Look in the data below for the line that has "Fab Fours TT07-D4452-1", then print exactly every line from there through the line that has "Blank Quilting Fabrics", leaving pictures out.

[Items from a data source]
BEGIN

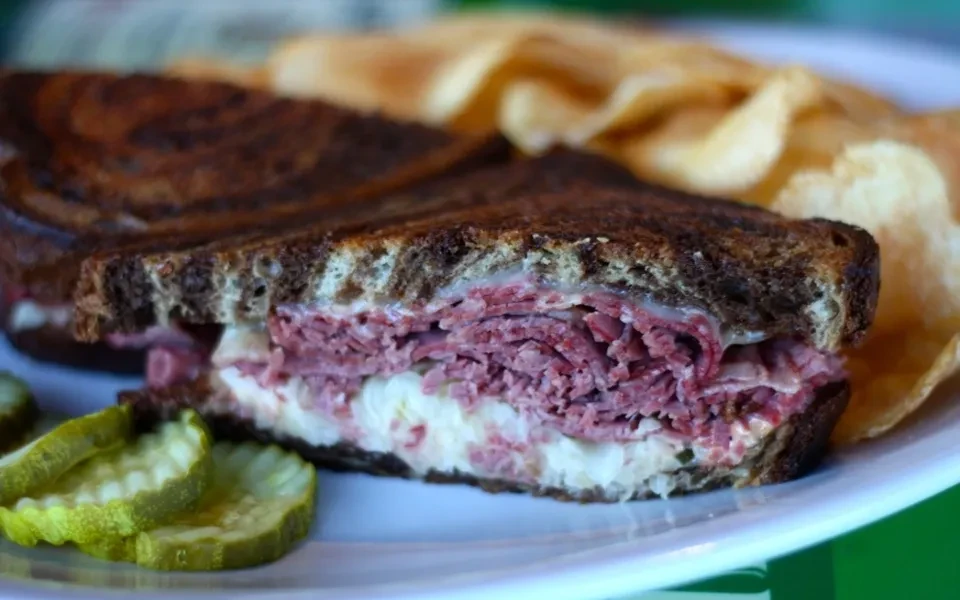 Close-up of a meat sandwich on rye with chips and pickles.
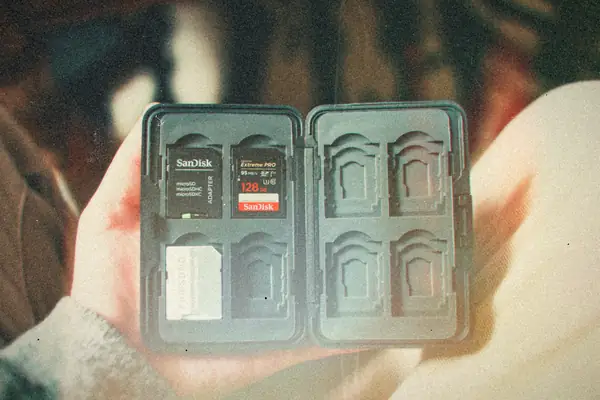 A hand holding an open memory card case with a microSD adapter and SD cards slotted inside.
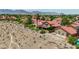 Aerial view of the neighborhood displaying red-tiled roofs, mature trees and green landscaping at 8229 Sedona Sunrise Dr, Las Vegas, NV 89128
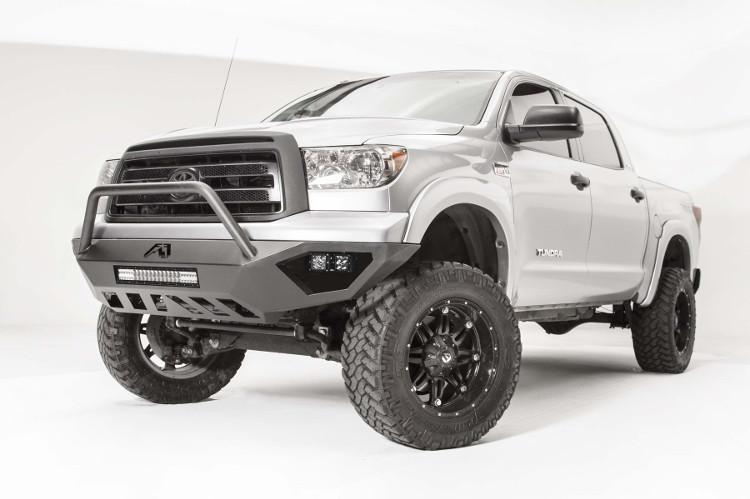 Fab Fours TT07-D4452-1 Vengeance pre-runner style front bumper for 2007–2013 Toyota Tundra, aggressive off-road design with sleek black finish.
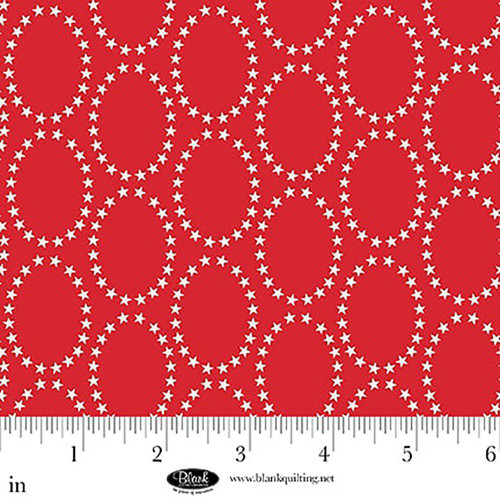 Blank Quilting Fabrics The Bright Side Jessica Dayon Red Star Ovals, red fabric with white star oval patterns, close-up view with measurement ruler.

END
BEGIN

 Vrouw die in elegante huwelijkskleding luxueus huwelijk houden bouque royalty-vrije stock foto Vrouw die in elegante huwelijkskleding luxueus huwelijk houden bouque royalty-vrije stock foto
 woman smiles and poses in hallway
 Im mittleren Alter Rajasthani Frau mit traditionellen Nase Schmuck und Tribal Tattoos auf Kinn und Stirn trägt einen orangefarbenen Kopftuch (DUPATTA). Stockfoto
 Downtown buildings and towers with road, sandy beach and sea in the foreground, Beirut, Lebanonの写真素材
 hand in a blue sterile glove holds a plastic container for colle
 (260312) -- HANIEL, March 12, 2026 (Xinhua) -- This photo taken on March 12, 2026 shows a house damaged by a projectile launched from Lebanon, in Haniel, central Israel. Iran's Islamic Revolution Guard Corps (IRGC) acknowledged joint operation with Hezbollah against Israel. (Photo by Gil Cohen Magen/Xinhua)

END

• OUTPUT OF THE EXERCISE:
 Fab Fours TT07-D4452-1 Vengeance pre-runner style front bumper for 2007–2013 Toyota Tundra, aggressive off-road design with sleek black finish.
 Blank Quilting Fabrics The Bright Side Jessica Dayon Red Star Ovals, red fabric with white star oval patterns, close-up view with measurement ruler.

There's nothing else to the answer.